Chloe annuì, ma aveva già sentito quella versione in numerose occasioni. Quasi tutti riuscivano a dare l’impressione di essere perfettamente puliti. Ma lei sapeva che bastava scavare un po’ per trovare crepe nella superficie, che spesso poi portavano alla scoperta di oscuri segreti.
“Nessuna idea del perché gli sia stato infilato un calzino in gola?” chiese Chloe.
“No, nessuna. Abbiamo controllato i suoi cassetti al piano di sopra, pensando che forse avremmo trovato l’altro calzino, ma non è stato così.”
“Detective, possiamo avere il nome e il numero del coroner che ha in custodia il corpo?”
“Certo” disse, prendendo il telefono e scorrendo tra i contatti per recuperare le informazioni.
“E della prima vittima che ci dice?” chiese Chloe.

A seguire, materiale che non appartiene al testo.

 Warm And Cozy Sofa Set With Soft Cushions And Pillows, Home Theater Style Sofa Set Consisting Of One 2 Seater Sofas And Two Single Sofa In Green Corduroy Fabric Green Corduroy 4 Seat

“Il suo nome era Richard Wells. Viveva a una ventina di chilometri di distanza, a Eastbrook. Un quartiere abbastanza simile a questo. Se ne sta occupando la polizia di Eastbrook, ma conosco alcuni dettagli, se vi interessa.”
“Sì, grazie.”
“Praticamente è una copia di quanto accaduto qui. Wells è stato trovato morto nella sua camera da letto, con il cranio sfondato e un calzino nero in bocca. Dal punto di vista della personalità, però, i due erano molto diversi. Wells aveva divorziato l’anno scorso. Si dice a causa di un problema di alcolismo. Lavorava come appaltatore privato e i suoi pochi dipendenti sono gli unici da cui siamo riusciti a ottenere informazioni. L’ex-moglie è già fidanzata con un altro e vive a Rhode Island. Entrambi i genitori sono morti, non aveva fratelli...non c’è nessuno a cui poter porre domande più approfondite.”

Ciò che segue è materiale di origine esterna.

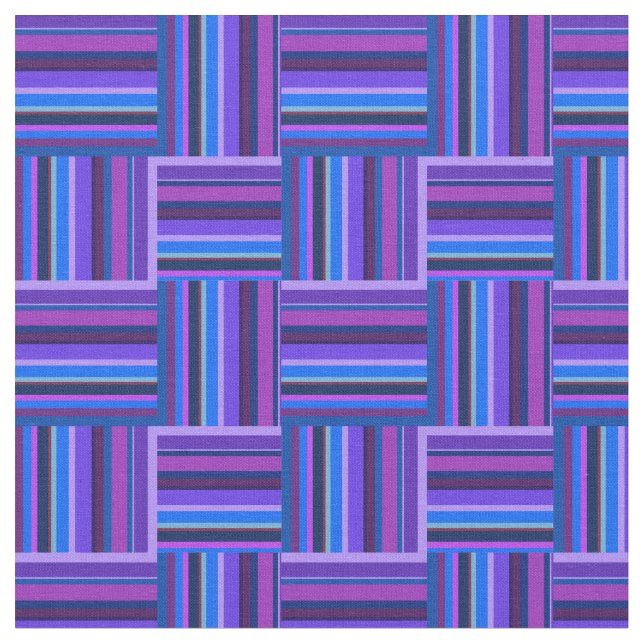Tela Tejidos de rayas azules y violetas (De cerca)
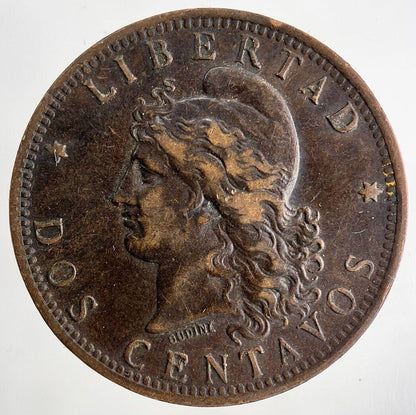 1891 Argentina Dos 2 Centavos Coin | Fine Collectable Grade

“Quindi un vicolo cieco, in pratica?” chiese Rhodes.
“In pratica, sì” convenne Anderson.
Chloe tornò a osservare le assi che formavano il pavimento del portico. Studiò la macchia di sangue, incapace di togliersi dalla mente l’immagine del sangue che aveva visto sul bollitore del padre. Quell’immagine affondò i suoi artigli dentro di lei, e Chloe provò un gelo improvviso, come quando si lascia il tepore di una casa per uscire durante una tempesta di neve. E in quel momento, seppe con certezza che non sarebbe riuscita a liberarsene; la scomparsa di Danielle l’avrebbe assillata fino a quando non fosse riuscita a parlare con lei, a prescindere dal caso.
La cosa peggiore di tutte era che stava iniziando ad avercela con Danielle per tutto quello, preoccupata che la ragazza sbandata che era stata un tempo stesse riemergendo.
Se la trovo, forse posso impedirlo, pensò Chloe.
Era un’idea allettante, ma mentre continuava a guardare il sangue di Bo Luntz, realizzò che se si trattava di salvare sua sorella, era esattamente come salvare la vita di Luntz, ovvero troppo tardi.
***
Secondo l’esperienza di Chloe, i medici legali di solito si dividevano in due tipologie: silenziosi e a tratti scontrosi, oppure entusiasti e forse un po’ troppo zelanti nel loro lavoro. La donna che incontrarono nell’ufficio del coroner e che aveva avuto il compito di esaminare Bo Luntz apparteneva alla seconda tipologia. Si chiamava Gerda Holloway e sembrava uscita da uno di quei reality dove bisogna conquistare uno scapolo, piuttosto che qualcuno che si occupava di cadaveri. Persino Chloe, quando la donna andò loro incontro nell’atrio, dovette riconoscere quanto fosse bella, con i capelli raccolti in una coda di cavallo e gli occhi incorniciati da occhiali in stile da bibliotecaria.
“Agenti Rhodes e Fine” disse Rhodes dopo che Holloway si fu presentata.
“Venite. Il corpo è pronto, ma potete dare un’occhiata, prima che inizi ufficialmente l’autopsia.”
La seguirono fuori dall’atrio e lungo un corridoio. Quando giunsero nella sala esami dove si trovava il corpo di Luntz, Holloway tenne aperta la porta per loro con un sorriso, come se stesse organizzando una cena con gli amici, invece che prepararsi a esaminare il cadavere di una persona assassinata.